Single by Three 6 Mafia featuring Chamillionaire

from the album Last 2 Walk (intended)
- Released: January 2, 2007
- Recorded: 2006
- Genre: Gangsta rap
- Length: 4:18
- Label: Columbia; Sony;
- Songwriter(s): Paul Beauregard; Jordan Houston; Hakeem Seriki;
- Producer(s): DJ Paul; Juicy J;

Three 6 Mafia singles chronology
| "Side 2 Side" (2006) | "Doe Boy Fresh" (2007) | "Like Money" (2007) |

Chamillionaire singles chronology
| "King Kong" (2006) | "Doe Boy Fresh" (2007) | "Hip Hop Police" (2007) |

Music video
- "Three 6 Mafia - Doe Boy Fresh (Official Video) ft.
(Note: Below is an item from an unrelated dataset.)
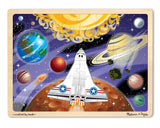 Melissa and Doug Space Voyage Jigsaw 48 pc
Chamillionaire" on YouTube

= Doe Boy Fresh =

"Doe Boy Fresh" is a song by rap group Three 6 Mafia, originally the first single from their ninth studio album, Last 2 Walk, but was ultimately cut from the album. The final track listing does not include the song, possibly due to the numerous album delays. The song features Chamillionaire. The song was released on January 2, 2007 as a digital download single on iTunes but was leaked in December 2006. For unknown reasons, the single was removed from the iTunes Store in early 2009. However, the other singles cut from the album, "Like Money" and "Sugar Daddy" remain in the store.

The music video premiered on MTV.com on February 9, 2007. Travis Barker makes an appearance in the video, which contains various people briefly being either Three 6 Mafia or Chamillionaire. Actor Tom Bower, from Die Hard 2 and The Hills Have Eyes, makes an appearance as the first portal viewer. The style of the video is inspired by the 1999 film Being John Malkovich where, due to a strange portal, entered the life of the titled actor. There is also an alternate "Doe Boy Fresh" version with a verse by Project Pat. The single reached number 54 on the Billboard Hot 100. It reached RIAA gold certification status on July 27, 2007.

==Chart==

| Chart (2007) | Peak position |
|---|---|
| U.S. Billboard Hot 100 | 54 |
| U.S. Billboard Hot R&B/Hip-Hop Songs | 74 |
| U.S. Billboard Pop 100 | 60 |

==Certifications==

| Region | Certification | Certified units/sales |
| United States (RIAA) Mastertone | Gold | 500,000^{*} |
^{*} Sales figures based on certification alone.